First published in Transatlantic Review 32, 1969. Reprinted in The Unmapped Country & Other Stories, And Other Stories, 2018
My oversized opinion of Willeford is that he’s one of the most important American writers of the second half of the twentieth century. Because he was a genre writer who wrote dark, critical, comedies about the male psyche, and because his male protagonists were almost always misogynistic, arrogant, assholes, Willeford was never going to attract the popular readership. But Willeford had the vibe of where America was at the end of WWII and where it was heading in the twenty-first century. For such a long-time reader of Willeford I’ll never forgive myself for not seeing where the US was headed five years ago – being run by a shady Willeford type, a kind of used car salesman in a bad suit and terrible hair.

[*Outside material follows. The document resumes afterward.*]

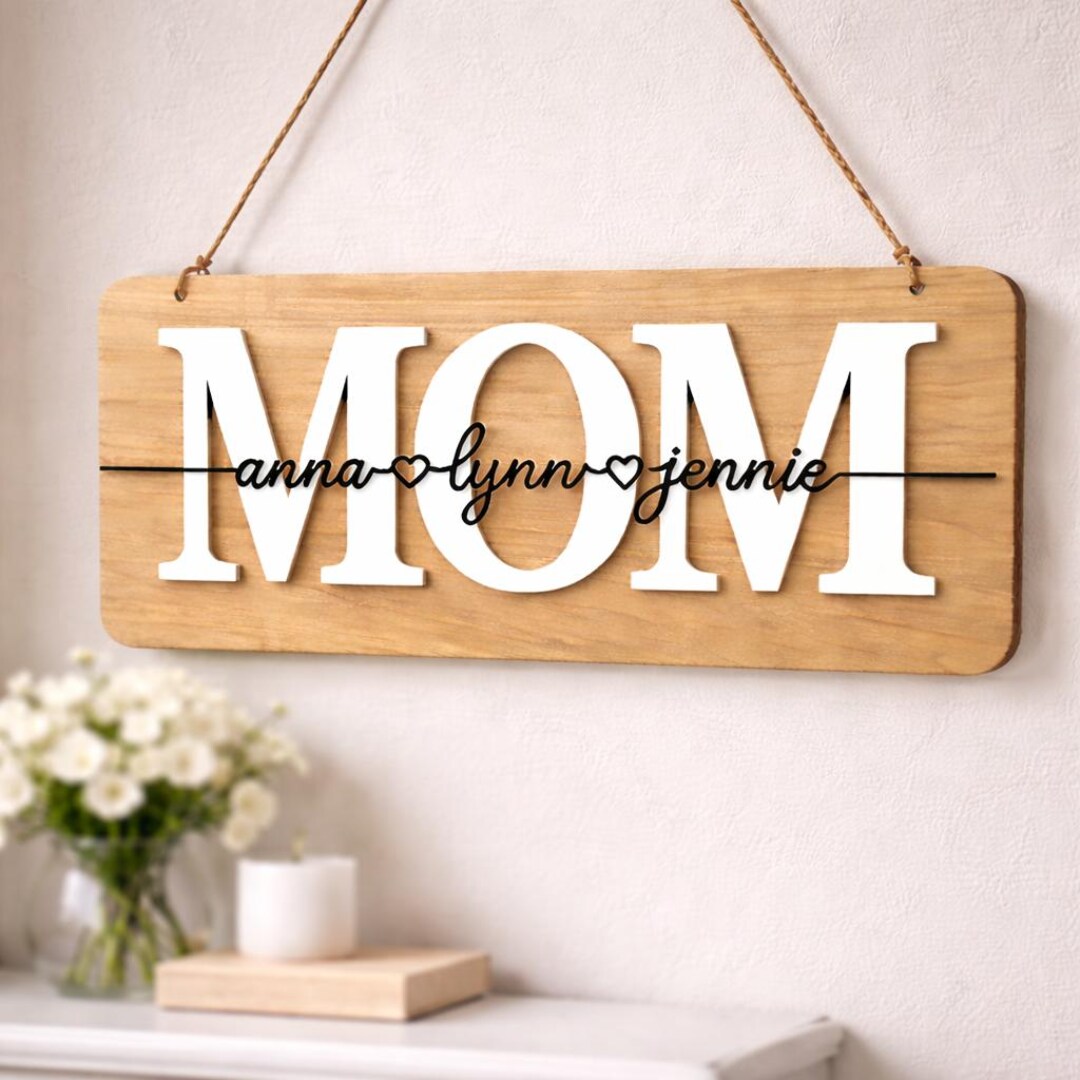 Mom Example. Sign Personalized Mom Sign With Children's Names, Mother's Day Gift, Mom ...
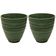 Kit 2 Vasos Cachepot para Plantas Verde Plástico Névoa Lyor 15x7cm Decorativo Jardim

‘Citizen’s Arrest’ is a perfect example of what Willeford excels at. A guy sees a thief steal a lighter at a department store and tries, and fails, to do have the thief arrested. There’s a great description of the lighter. A conversation with the thief who explains his routine. And a perfect last line of the story as the blame is turned on the narrator when a police officer asks, “Now, sir, what is your name?”
What Willeford excels at is that he has never cheated the last line of any of his books or stories. His last lines are a masterclass in endings. They may not leave you feeling good about the situation you just read but their truth never makes you feel ripped off. They are both a summation, a revelation, and an often bitter truth that the reader wasn’t expecting.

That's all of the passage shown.